Women dressed in a variet
y of ways from abayas that covered everything but the eyes to miniskirts and bikinis. No one noticed her or stopped her to ask why her face was swollen and bruised. She kept her head lowered and didn’t make eye contact with anyone else. When she finally made it to the coastline, she followed the beach until it ran into the shipyards where cargo was unloaded for sale in Syria and loaded for export to other countries.
By eavesdropping, she was able to ascertain which ship was headed to the US later that night. All she had to do was stow away on board. She wasn’t sure how long it would take to cross the ocean, so she’d need a stash of food to see her through.
Back out to the markets, she stole a cloth bag and slowly filled it, one item at a time, with fruit, nuts and anything else she could hide beneath her abaya.
At one fruit stand, the proprietor must have seen her palm a pomegranate. He yelled at her in Arabic and grabbed her shoulder.
She side-kicked the man, sending him flying back into a display of oranges. The wooden stand collapsed beneath his weight, scattering the fruit into the walkway.
Not knowing how severe punishment was for stealing in Syria, she ran until she was far enough away, and she was certain no one followed.
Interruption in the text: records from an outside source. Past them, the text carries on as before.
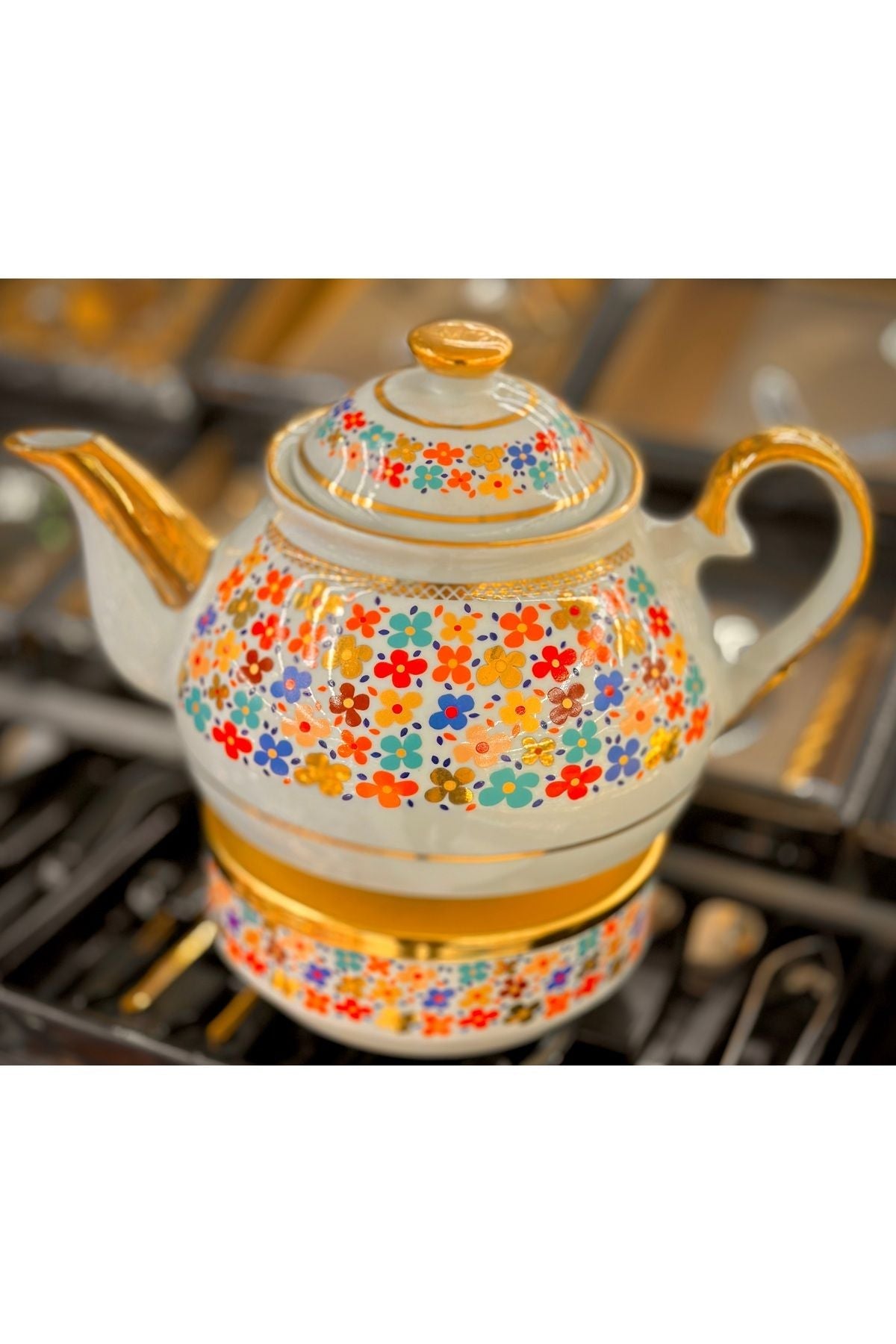 Royal Garden Serisi – Altın Yaldızlı Porselen Demlik & Isıtıcı Takımı | Luxury Turkish Tea Set - Demlik | DUKKANI ISTANBUL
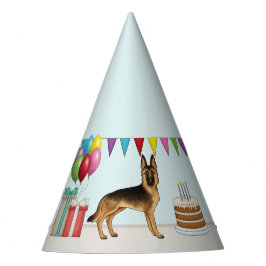 Zwart En Lichtbruin GeboorteDag Duitse Herdershond Feesthoedjes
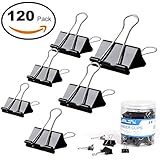 JARLINK Binder Clips Paper Clamp, 120 Pack Binder Clamps Assorted 6 Sizes for Office Supplier School Accessories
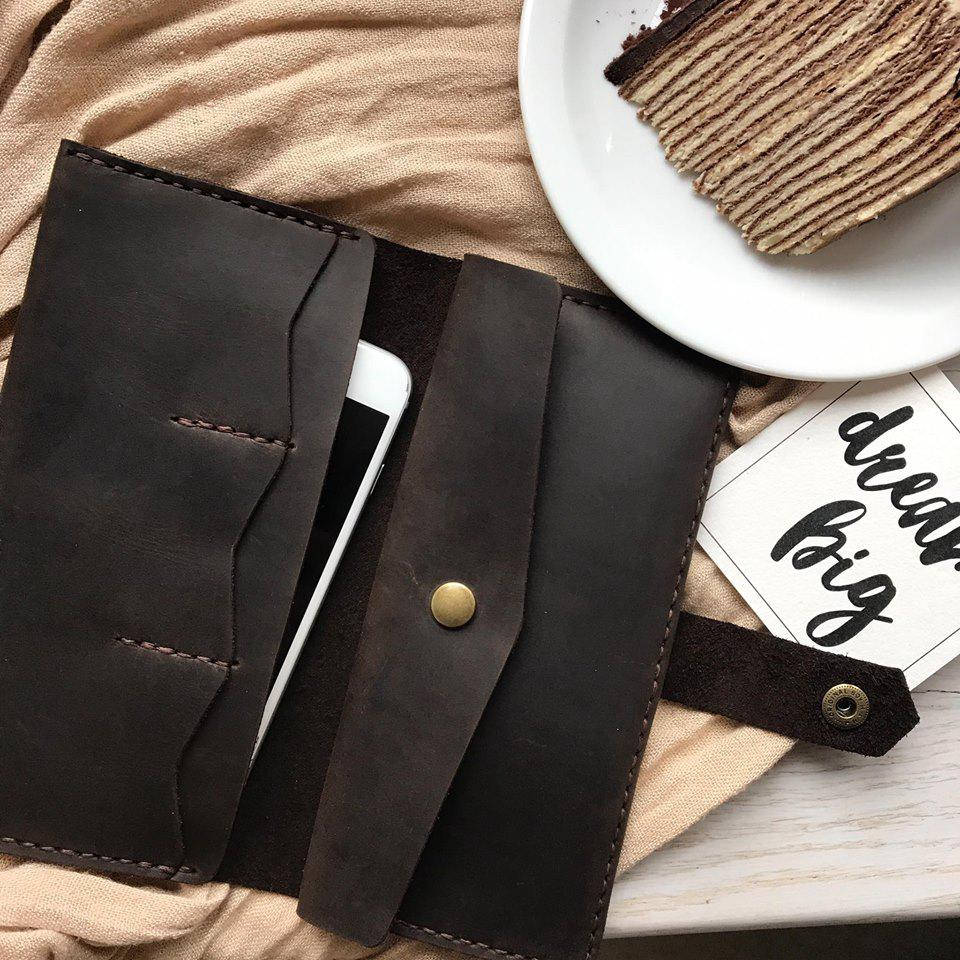 

Портмоне шкіряний гаманець "Stroll" ручної роботи, натуральна шкіра, на кнопці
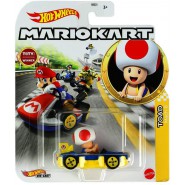 Modellino DieCast 5cm KART di TOAD Funghetto Fungo Versione MACH 8 Kart da SUPER MARIO KART Scala 1:64 Originale Hot Wheels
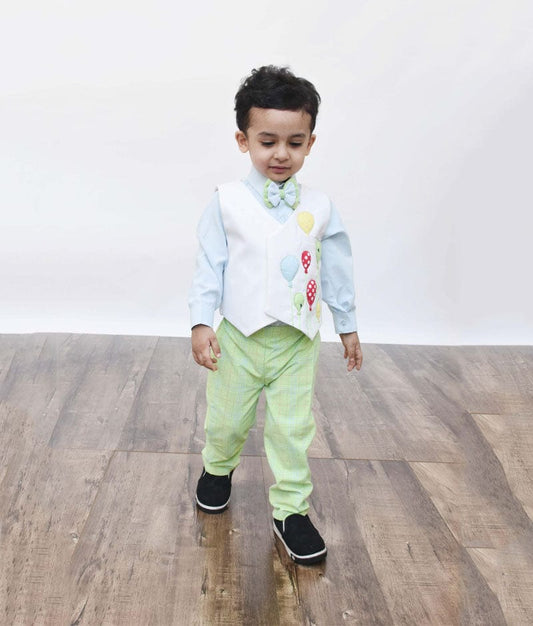 Off white Balloons Waist Coat with Blue Shirt and Green Check Pant for Boys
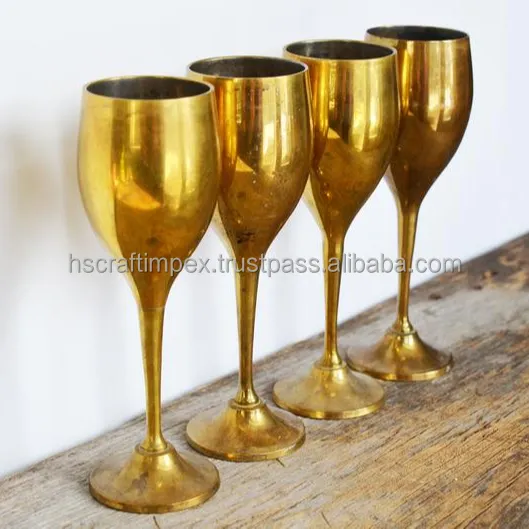 Bicchiere da Cocktail in metallo ottone fatto a mano calice da vino placcato Made in India di HS Craft Impex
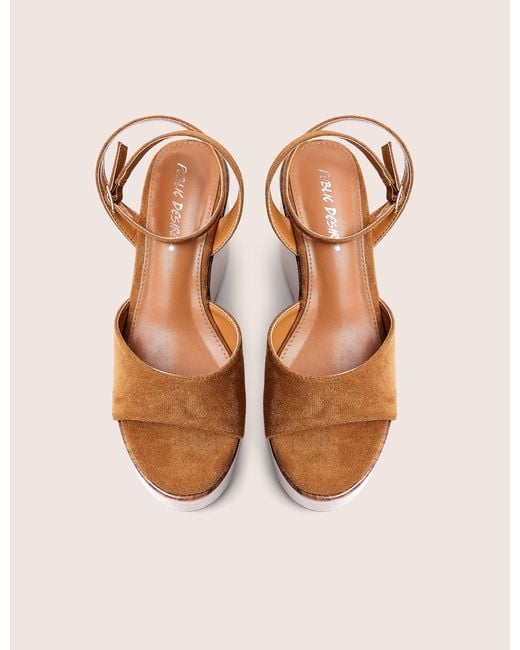 Public Desire Natural Aluna Tan Faux Suede Wooden Wedge Heels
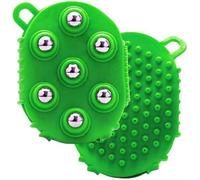 Gants de drainage lymphatique Relief de massage à main boule, Body Care Muscles Relief Tool avec 7 rouleaux en métal, de massage à 360 degrés pour le cou, le dos, les jambes (Vert)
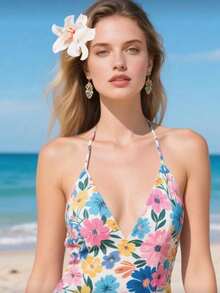 6er/1er Pack Damen Strand Blumen Haarspangen, Weiß, Rosa, Gelb, Rot, Blau Batik Kunstblumen Barrettes, elegante minimalistische vielseitige Accessoires für Alltag, Lässig, Party, Strand, geeignet für Frisuren wie Pferdeschwanz, Dutt, Gesichtwaschen, Make-up, Haarklammern, Clips für Haare - Verschiedenfarbig - Übersicht 3
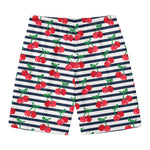 Cherry Striped Pattern Print Men's Swim Trunks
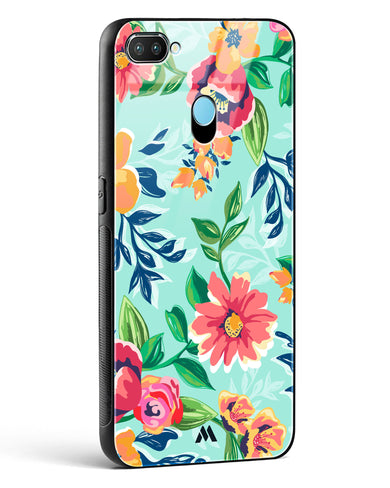 Flower Print on Canvas Glass Case Phone Cover (Realme)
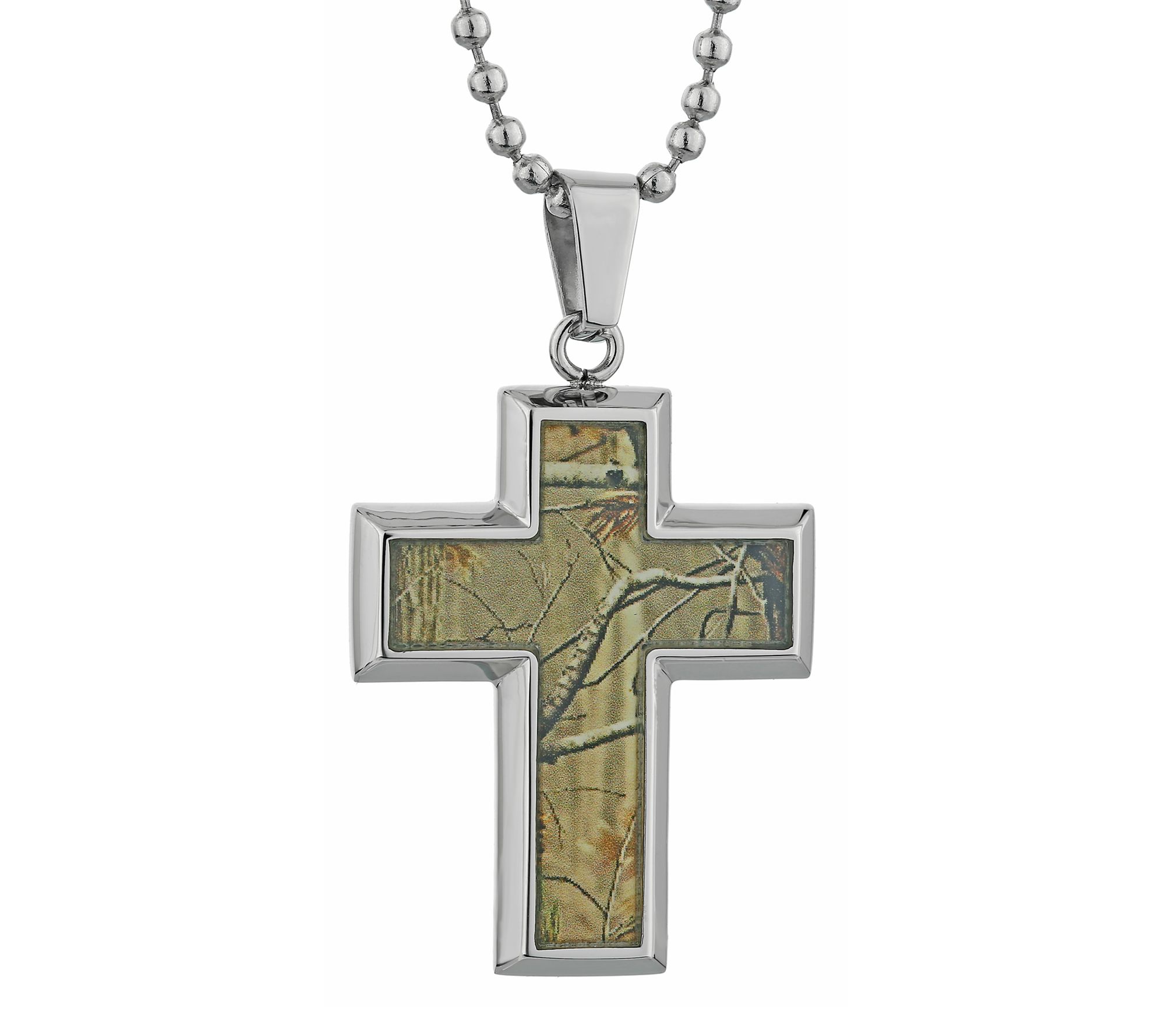 LYNX Men's Stainless Steel Camouflage Cross Pendant w/ Chain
With a small collection of food in her bag, she made her way back to the ship sailing later that evening to the US. Containers were being loaded by huge cranes. She found one that she was able to get inside and thought better of it. She could get in but couldn’t secure the door. And if someone else secured it, she’d be locked in until the outer door was opened at the destination. Some containers weren’t unloaded until they reached their final destinations...months later.
A container like that wasn’t worth dying in. She’d have to find another way. The gangway onto the ship was her only other choice, and it was out in the open. She would never make it aboard in an abaya.
Waiting in the shadows of the containers she watched the men going aboard and leaving the ship. Some wore hats to shade their eyes. Others wore uniforms of the ship line or dock workers’ company.